Acute gastrointestinal injury is associated with significantly increased mortality in critically ill patients. However, markers for measuring acute gastrointestinal injury are neither sensitive nor specific.
To determine whether enzymes in digestive fluid are predictive of the severity of acute gastrointestinal injury.
A prospective observational study was conducted between June 2015 and December 2015 in a surgical intensive care unit. Enrolled patients were classified by acute gastrointestinal injury grade according to the 2012 European Society of Intensive Care Medicine system. Digestive fluid was collected through nasointestinal tubes and analyzed 24 hours after the diagnosis of acute gastrointestinal injury. Intestinal markers of injury (pH, interleukin 6, interleukin 10, tumor necrosis factor α, and secretory immunoglobulin A) were measured in digestive fluid.
Of the 76 patients included, acute gastrointestinal injury was grade I in 41, grade II in 20, grade III in 8, and grade IV in 7. Secretory immunoglobulin A was an independent predictor of grade III acute gastrointestinal injury.
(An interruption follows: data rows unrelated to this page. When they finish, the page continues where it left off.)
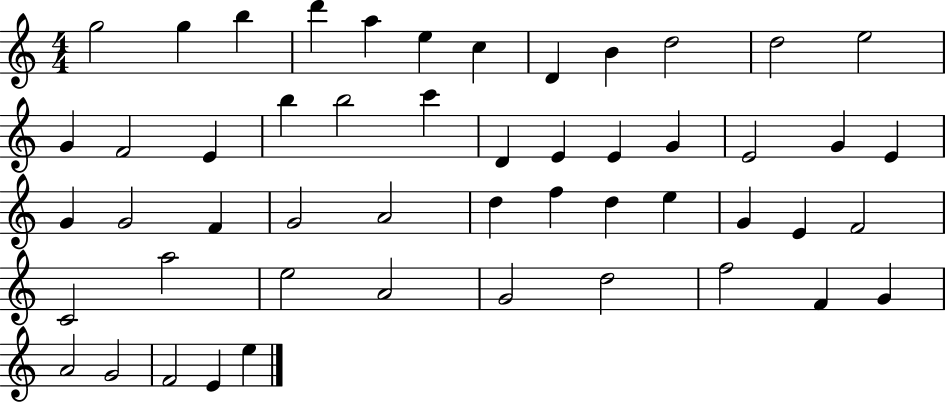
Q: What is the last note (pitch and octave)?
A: E5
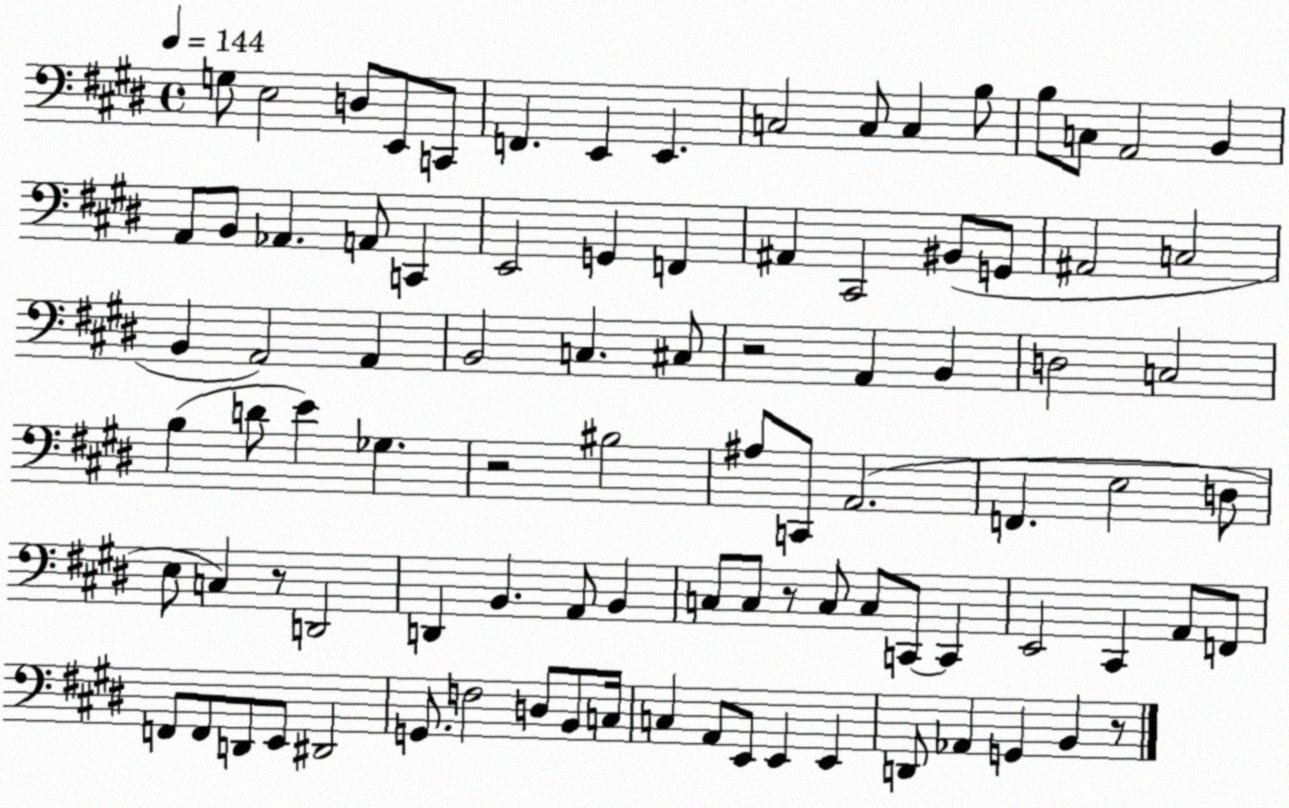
X:1
T:Untitled
M:4/4
L:1/4
K:E
G,/2 E,2 D,/2 E,,/2 C,,/2 F,, E,, E,, C,2 C,/2 C, B,/2 B,/2 C,/2 A,,2 B,, A,,/2 B,,/2 _A,, A,,/2 C,, E,,2 G,, F,, ^A,, ^C,,2 ^B,,/2 G,,/2 ^A,,2 C,2 B,, A,,2 A,, B,,2 C, ^C,/2 z2 A,, B,, D,2 C,2 B, D/2 E _G, z2 ^B,2 ^A,/2 C,,/2 A,,2 F,, E,2 D,/2 E,/2 C, z/2 D,,2 D,, B,, A,,/2 B,, C,/2 C,/2 z/2 C,/2 C,/2 C,,/2 C,, E,,2 ^C,, A,,/2 F,,/2 F,,/2 F,,/2 D,,/2 E,,/2 ^D,,2 G,,/2 F,2 D,/2 B,,/2 C,/4 C, A,,/2 E,,/2 E,, E,, D,,/2 _A,, G,, B,, z/2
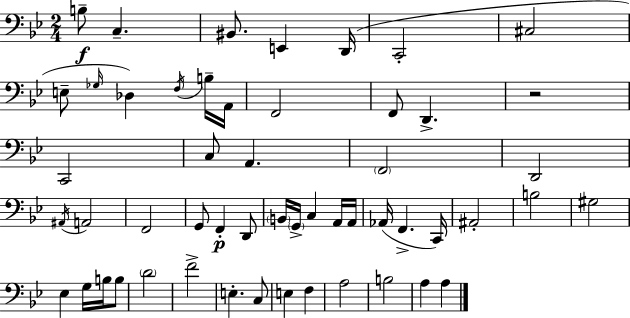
B3/e C3/q. BIS2/e. E2/q D2/s C2/h C#3/h E3/e Gb3/s Db3/q F3/s B3/s A2/s F2/h F2/e D2/q. R/h C2/h C3/e A2/q. F2/h D2/h A#2/s A2/h F2/h G2/e F2/q D2/e B2/s G2/s C3/q A2/s A2/s Ab2/s F2/q. C2/s A#2/h B3/h G#3/h Eb3/q G3/s B3/s B3/e D4/h F4/h E3/q. C3/e E3/q F3/q A3/h B3/h A3/q A3/q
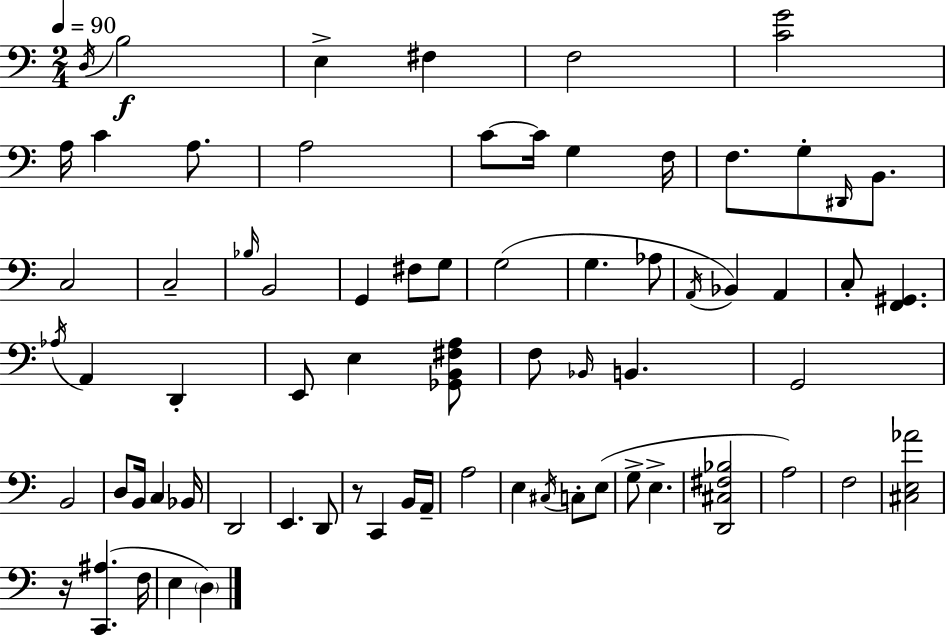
{
  \clef bass
  \numericTimeSignature
  \time 2/4
  \key c \major
  \tempo 4 = 90
  \acciaccatura { d16 }\f b2 | e4-> fis4 | f2 | <c' g'>2 | \break a16 c'4 a8. | a2 | c'8~~ c'16 g4 | f16 f8. g8-. \grace { dis,16 } b,8. | \break c2 | c2-- | \grace { bes16 } b,2 | g,4 fis8 | \break g8 g2( | g4. | aes8 \acciaccatura { a,16 } bes,4) | a,4 c8-. <f, gis,>4. | \break \acciaccatura { aes16 } a,4 | d,4-. e,8 e4 | <ges, b, fis a>8 f8 \grace { bes,16 } | b,4. g,2 | \break b,2 | d8 | b,16 c4 bes,16 d,2 | e,4. | \break d,8 r8 | c,4 b,16 a,16-- a2 | e4 | \acciaccatura { cis16 } c8-. e8( g8-> | \break e4.-> <d, cis fis bes>2 | a2) | f2 | <cis e aes'>2 | \break r16 | <c, ais>4.( f16 e4 | \parenthesize d4) \bar "|."
}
When data from patients with grades I and II injury and patients with grades III and IV injury were grouped together, analysis revealed that pH, interleukin 10, and secretory immunoglobulin A were independent predictors of acute gastrointestinal failure.
Secretory immunoglobulin A was predictive of grade III acute gastrointestinal injury. Digestive fluid markers of injury (pH, interleukin 10, and secretory immunoglobulin A) were predictors of acute gastrointestinal failure. Further study is required to determine if other markers are specific or sensitive for acute gastrointestinal injury.